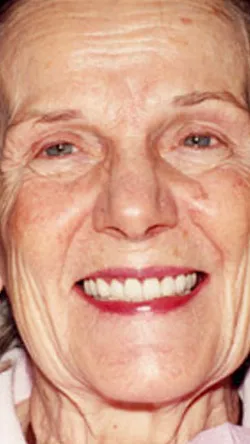 Smile after cosmetic dental treatment, gallery case 27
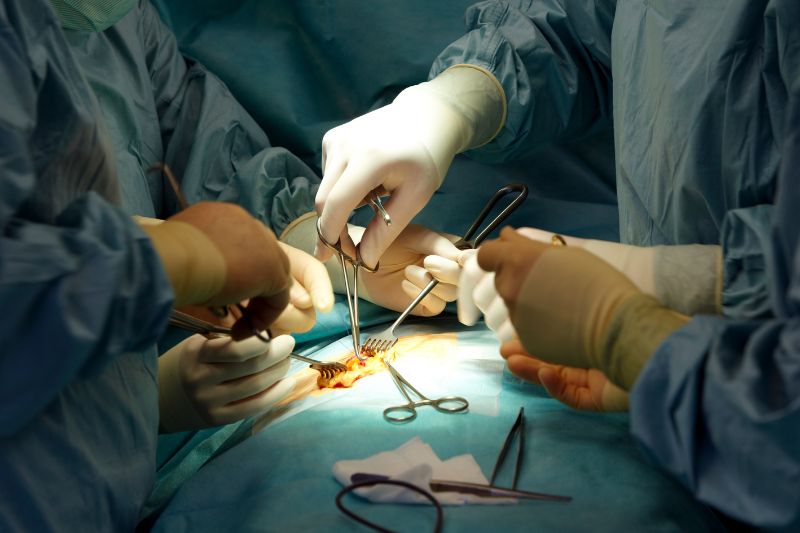 Laparoscopy Surgery in Nagpur
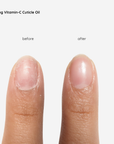 Vitamin-C Cuticle Oil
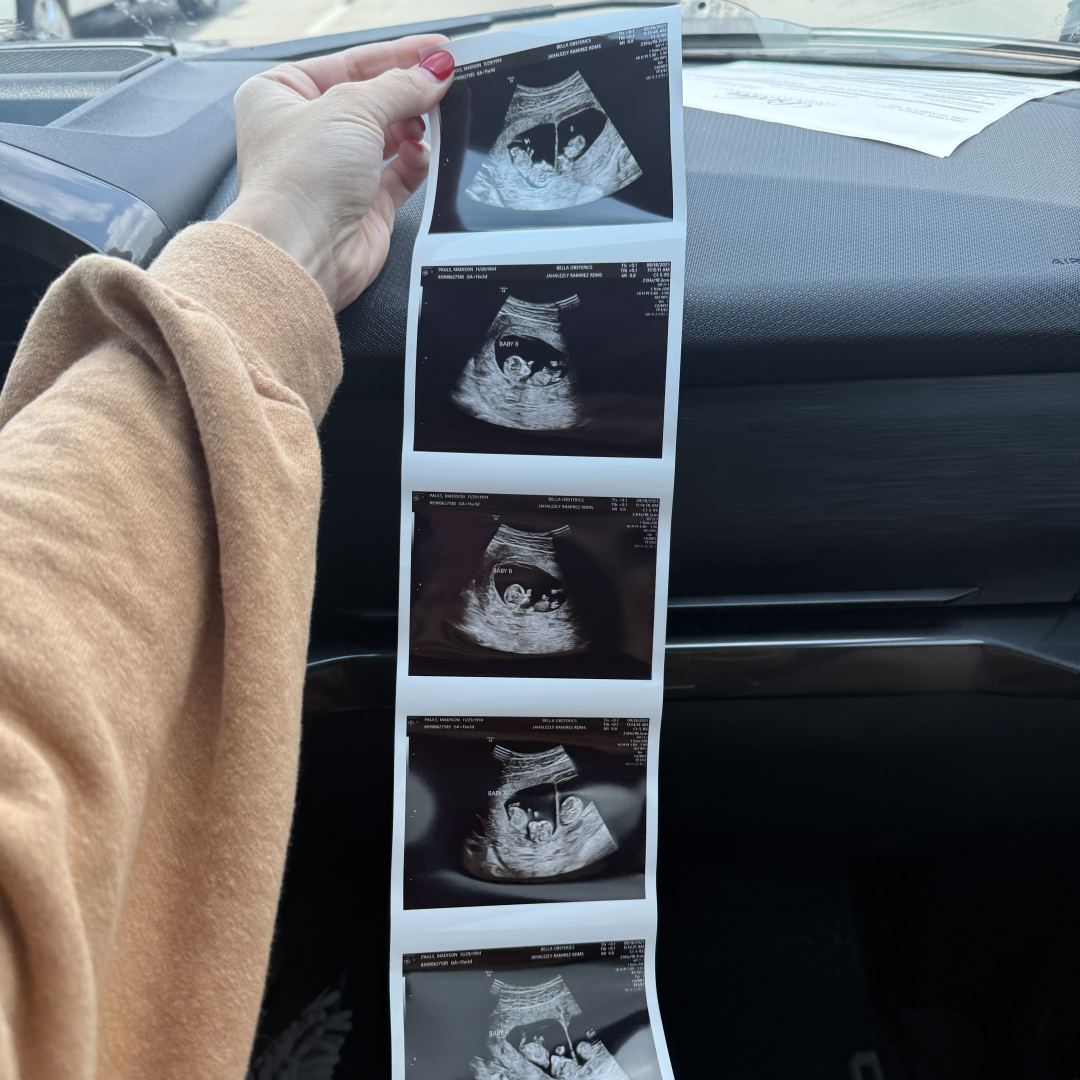 Photo shared by Madison for their Babylist baby registry.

TASK DETAILS
Your reply should hold every line above exactly as written and none of the pictures.

TASK ANSWER
 Smile after cosmetic dental treatment, gallery case 27
 Laparoscopy Surgery in Nagpur
 Vitamin-C Cuticle Oil
 Photo shared by Madison for their Babylist baby registry.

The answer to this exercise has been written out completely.